B) Les rétablissements de crédits

« Rétablir » signifie qu’il y a eu un mouvement (le crédit a déjà été établi), et pour une raison technique (par opposition à politique), on souhaite rétablir ce crédit. Sur 1000, il reste 900, et l’on souhaite rétablir 100 pour bénéficier de ces 1000. Il faut se défaire de cette règle de non affectation des recettes. On voit quels sont les motifs qui permettent d’opérer ces rétablissements de crédits. Prévus à l’article 17 de la loi organique, on en trouve vraiment 2 types :

La correction d’erreurs comptables : Ce n’est pas au gestionnaire de programme de faire les frais d’une erreur comptable. Le comptable s’est trompé, n’a pas inscrit une erreur. Les dépenses inscrites viennent s’imputer sur les budgets du programme et les sommes ne sont plus disponibles. Lorsqu’une somme est inscrite, les sommes ne sont plus disponibles juridiquement. Le comptable s’est en fait trompé : il n’y a jamais eu de dépense, personne n’a été payé. L’ordonnateur voit son budget amputé de cette somme. En appliquant de manière trop stricte le principe de la non affectation des recettes, une fois que l’erreur a été fait, on voit la somme réinscrite dans le budget général. Le ministère en question perd cette somme de son crédit. Donc, en cas d’erreur comptable, les crédits seront rétablis dans leur programme d’origine. 75 La difficulté se présente quotidiennement, et particulièrement au niveau des crédits de personnel. La paye des personnels est évidemment automatisée, elle intervient en fin de mois, et c’est une procédure lourde et complexe (calcul des prix). La difficulté pratique vient de ce qu’on a à peu près 2 millions de fonctionnaires, qui sont des êtres humains (mort, déplacement, démission). Ces incidents de la vie peuvent tout à fait ne pas être intégrés instantanément dans le processus de paye des agents. L’unité opérationnelle se voit affectée d’une erreur. Lorsque le comptable se fera rembourser par la famille du défunt, les sommes perçues rentrent dans sa caisse, mais budgétairement c’est un rétablissement dans le budget du programme d’origine/ou l’unité opérationnelle.

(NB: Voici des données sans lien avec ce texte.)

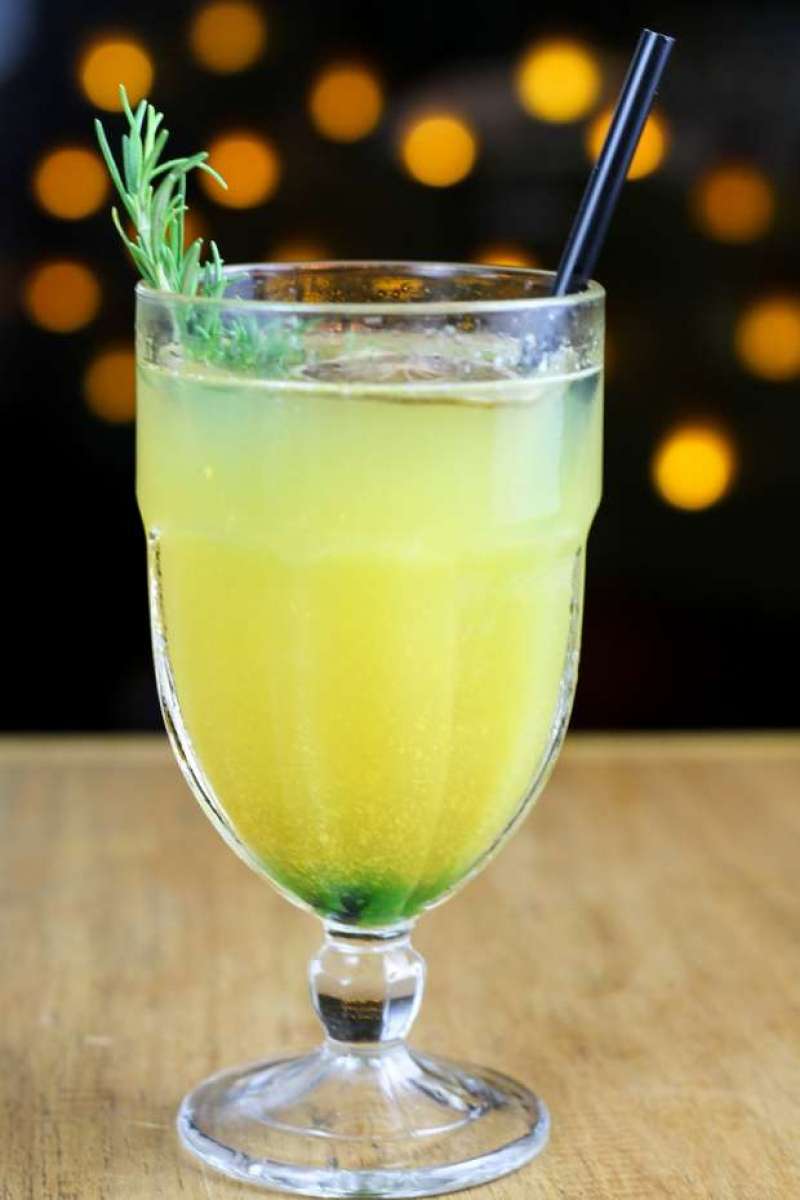 Tangerina e a escolha do Cattleya Restobar Latino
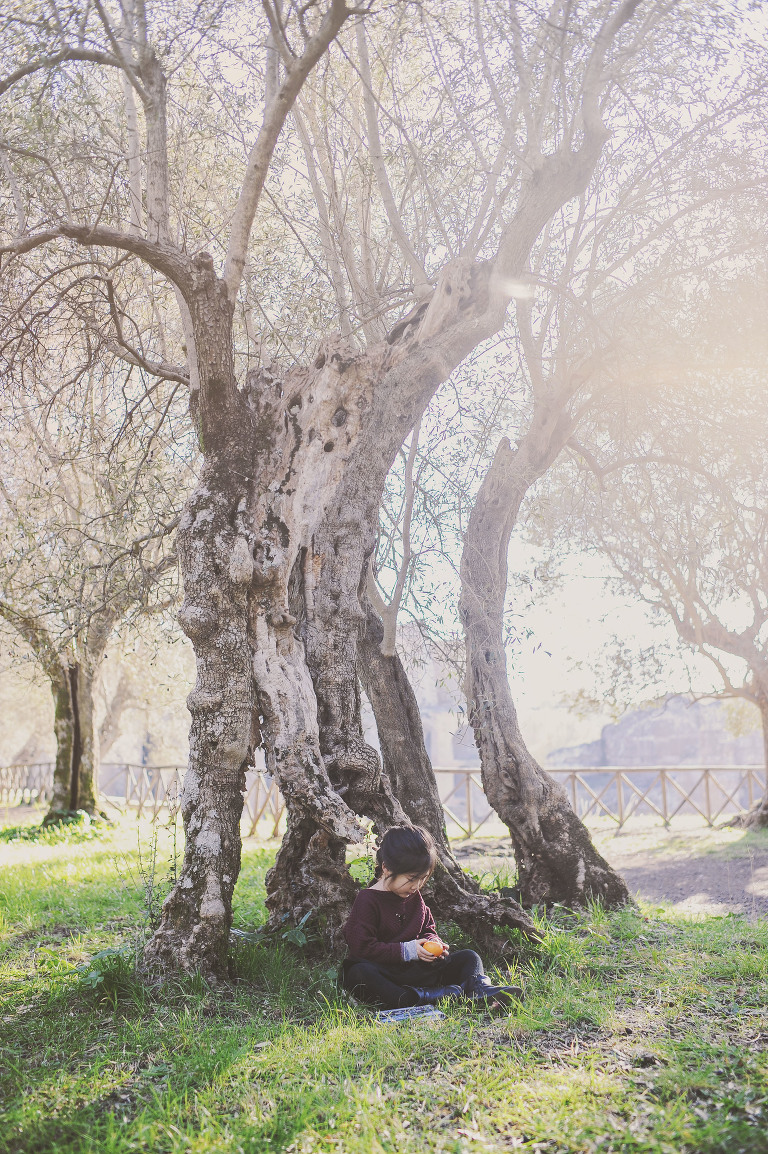 GREY MOSS : christmas in rome! more photos in the journal! https://greymoss.com/christmas-in-rome-part-six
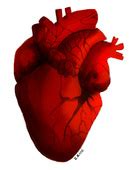 Real Heart Human Heart Clip Art Hostted Clipartbarn Wikiclipart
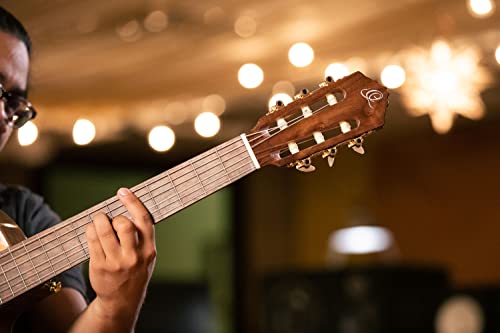 Ortega Guitars 6 String Performer Series Solid Top Slim Neck Acoustic-Electric Nylon Classical Guitar W/Bag, Right (Rce159Mn) #TOP6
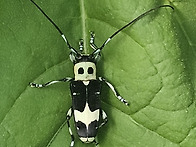 지리산용유담에 나타난 모..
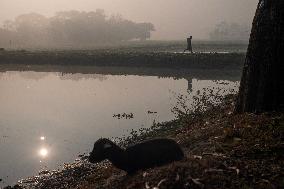 Daily Life In Mymensingh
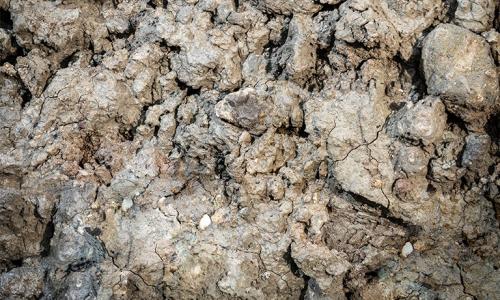 Kleigrond, natte grond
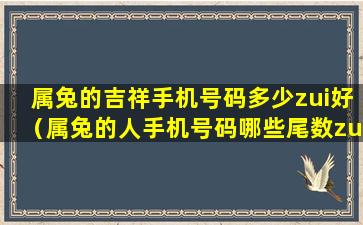 属兔的吉祥手机号码多少zui好（属兔的人手机号码哪些尾数zui好）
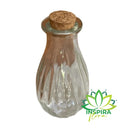 Vaso Garrafa De Vidro C/Pluma Pampas + Tampa Cortiça Rolha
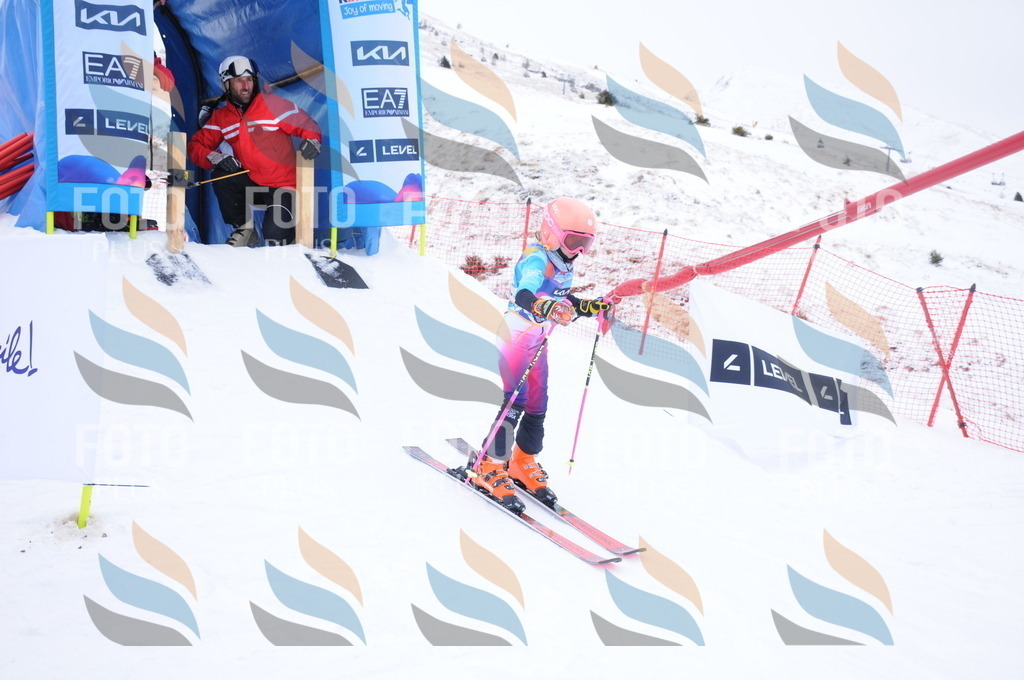 DSC_7986 | holidayphoto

La notion de cession entre services de l’Etat : on peut opérer une facturation entre personnes morales. Ici, au sein des services de l’Etat, entre administrations, il peut s’opérer des fournitures de biens ou des prestations de services. Le ministère des finances possède de nombreux immeubles dans le centre de Paris. Budgétairement, l’Administration d’origine en assume l’entretien. Or, ce n’est pas elle qui en bénéficie. Ici, on se demande comment cette Administration d’origine va pouvoir « facturer » cette prestation à l’Administration de destination (sachant qu’il s’agit d’une même personne morale). On opérera ici par la technique des rétablissements de crédits. Ce n’est pas un fonds de concours. On inscrira une recette dans le budget du ministère des finances.